[[ Information shown, beginning ]]

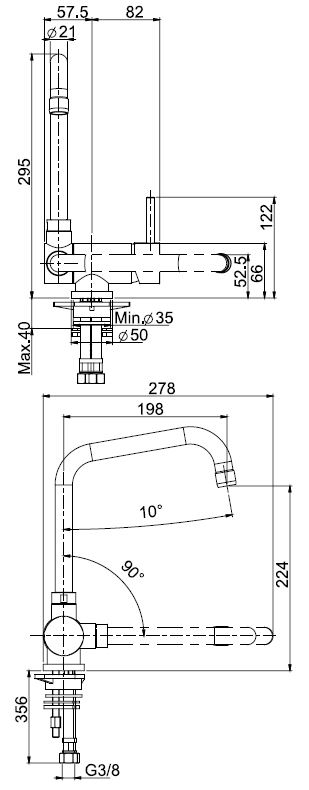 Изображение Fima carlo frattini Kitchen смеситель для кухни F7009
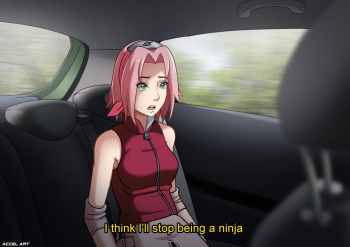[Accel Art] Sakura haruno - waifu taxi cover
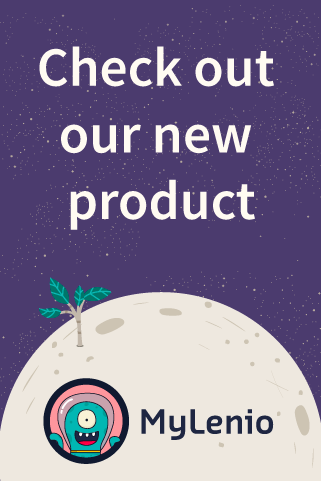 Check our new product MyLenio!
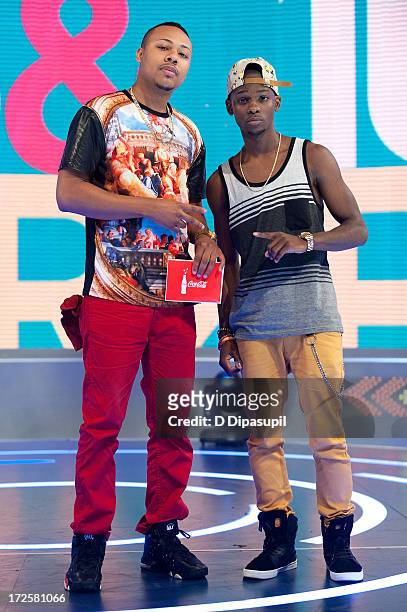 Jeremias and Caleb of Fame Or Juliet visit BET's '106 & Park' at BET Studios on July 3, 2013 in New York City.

[[ Information shown, end ]]

# What is needed
The lines from the one with "Check our new product MyLenio!" to the end of the data above should be retyped exactly, both ends included, and pictures are to be left out.

# Output for this task
 Check our new product MyLenio!
 Jeremias and Caleb of Fame Or Juliet visit BET's '106 & Park' at BET Studios on July 3, 2013 in New York City.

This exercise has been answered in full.